> [INPUT RECORDS]
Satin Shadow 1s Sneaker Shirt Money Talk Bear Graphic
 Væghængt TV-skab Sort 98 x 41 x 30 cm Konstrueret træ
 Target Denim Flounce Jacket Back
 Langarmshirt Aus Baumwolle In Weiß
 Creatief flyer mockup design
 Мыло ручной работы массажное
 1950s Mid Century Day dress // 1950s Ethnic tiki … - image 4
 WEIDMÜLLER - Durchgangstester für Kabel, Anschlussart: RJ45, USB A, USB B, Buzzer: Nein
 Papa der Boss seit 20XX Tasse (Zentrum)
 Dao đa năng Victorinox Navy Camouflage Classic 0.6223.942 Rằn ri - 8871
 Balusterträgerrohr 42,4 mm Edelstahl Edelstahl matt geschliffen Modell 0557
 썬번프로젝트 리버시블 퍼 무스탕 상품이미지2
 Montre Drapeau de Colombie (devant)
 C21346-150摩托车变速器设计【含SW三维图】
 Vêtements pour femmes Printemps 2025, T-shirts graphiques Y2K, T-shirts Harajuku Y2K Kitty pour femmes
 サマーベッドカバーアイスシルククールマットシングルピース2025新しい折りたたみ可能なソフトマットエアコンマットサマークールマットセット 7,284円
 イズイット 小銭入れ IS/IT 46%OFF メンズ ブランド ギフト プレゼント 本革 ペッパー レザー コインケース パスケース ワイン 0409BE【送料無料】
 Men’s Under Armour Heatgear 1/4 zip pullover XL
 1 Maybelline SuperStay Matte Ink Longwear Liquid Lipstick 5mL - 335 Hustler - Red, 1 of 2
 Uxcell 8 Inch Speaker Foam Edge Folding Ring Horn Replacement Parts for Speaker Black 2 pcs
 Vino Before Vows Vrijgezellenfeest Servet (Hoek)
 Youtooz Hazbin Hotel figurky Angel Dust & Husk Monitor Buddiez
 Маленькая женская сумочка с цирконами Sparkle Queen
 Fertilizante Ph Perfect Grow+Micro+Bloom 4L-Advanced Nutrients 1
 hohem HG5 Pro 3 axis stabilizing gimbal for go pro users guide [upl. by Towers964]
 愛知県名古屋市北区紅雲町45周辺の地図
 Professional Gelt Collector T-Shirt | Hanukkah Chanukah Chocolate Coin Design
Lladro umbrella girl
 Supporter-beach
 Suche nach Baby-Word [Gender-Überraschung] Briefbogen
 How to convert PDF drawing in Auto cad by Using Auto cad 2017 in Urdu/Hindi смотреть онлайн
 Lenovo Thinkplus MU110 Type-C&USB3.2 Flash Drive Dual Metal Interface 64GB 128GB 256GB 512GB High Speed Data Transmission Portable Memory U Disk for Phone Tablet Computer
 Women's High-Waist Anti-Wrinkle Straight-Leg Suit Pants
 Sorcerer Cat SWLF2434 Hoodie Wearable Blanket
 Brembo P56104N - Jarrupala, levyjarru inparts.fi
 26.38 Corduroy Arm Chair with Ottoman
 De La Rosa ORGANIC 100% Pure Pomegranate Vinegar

> [WHAT THE TASK ASKS]
Only lines holding the word "High" belong in the answer; copy each one from the material.

> [RESPONSE AREA]
 Lenovo Thinkplus MU110 Type-C&USB3.2 Flash Drive Dual Metal Interface 64GB 128GB 256GB 512GB High Speed Data Transmission Portable Memory U Disk for Phone Tablet Computer
 Women's High-Waist Anti-Wrinkle Straight-Leg Suit Pants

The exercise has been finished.